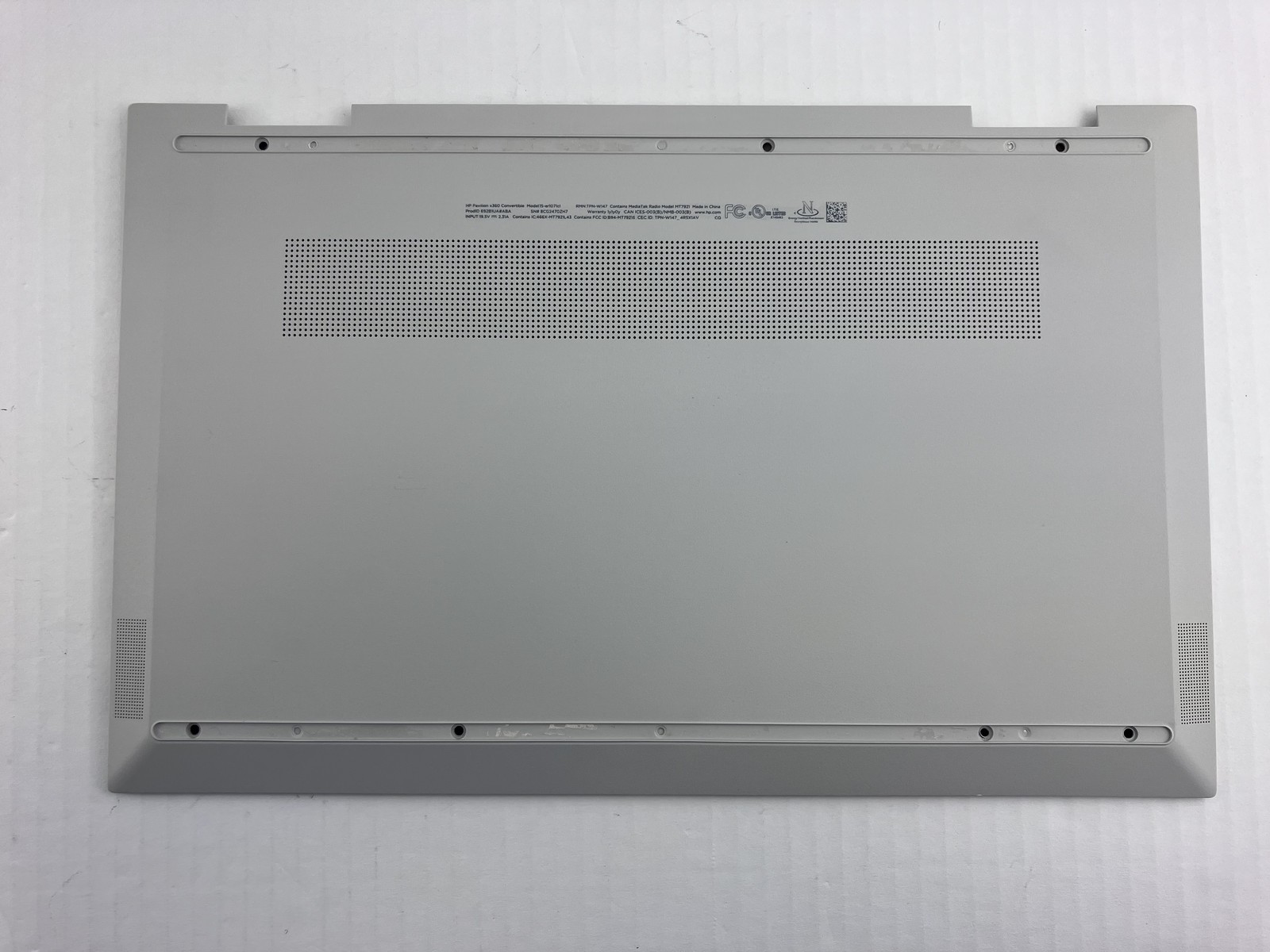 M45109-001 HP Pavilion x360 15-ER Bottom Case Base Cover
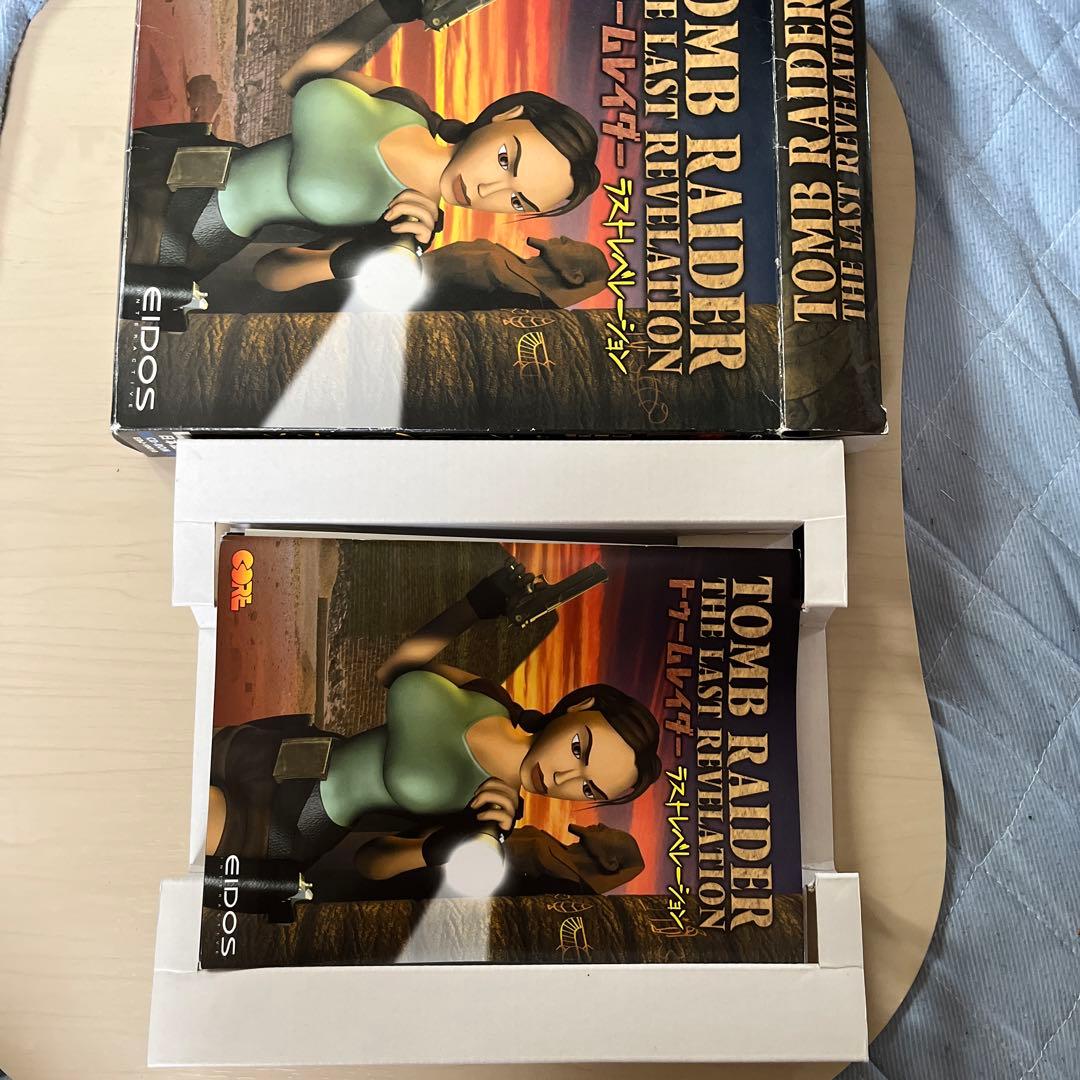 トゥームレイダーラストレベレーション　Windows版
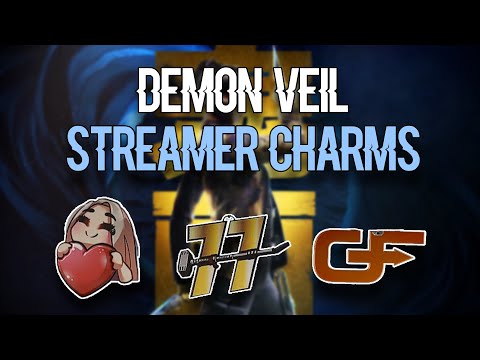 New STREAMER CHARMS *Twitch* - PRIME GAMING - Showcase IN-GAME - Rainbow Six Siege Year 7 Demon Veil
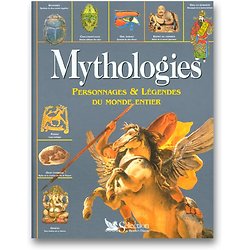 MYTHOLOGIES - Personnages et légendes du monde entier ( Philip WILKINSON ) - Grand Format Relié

- **ACTIVITY**
Your copy should hold only the lines running from the one that contains "New STREAMER CHARMS" through the final line of the data; transcribe them exactly, both ends included, and leave pictures out.

- **EXERCISE SOLUTION**
 New STREAMER CHARMS *Twitch* - PRIME GAMING - Showcase IN-GAME - Rainbow Six Siege Year 7 Demon Veil
 MYTHOLOGIES - Personnages et légendes du monde entier ( Philip WILKINSON ) - Grand Format Relié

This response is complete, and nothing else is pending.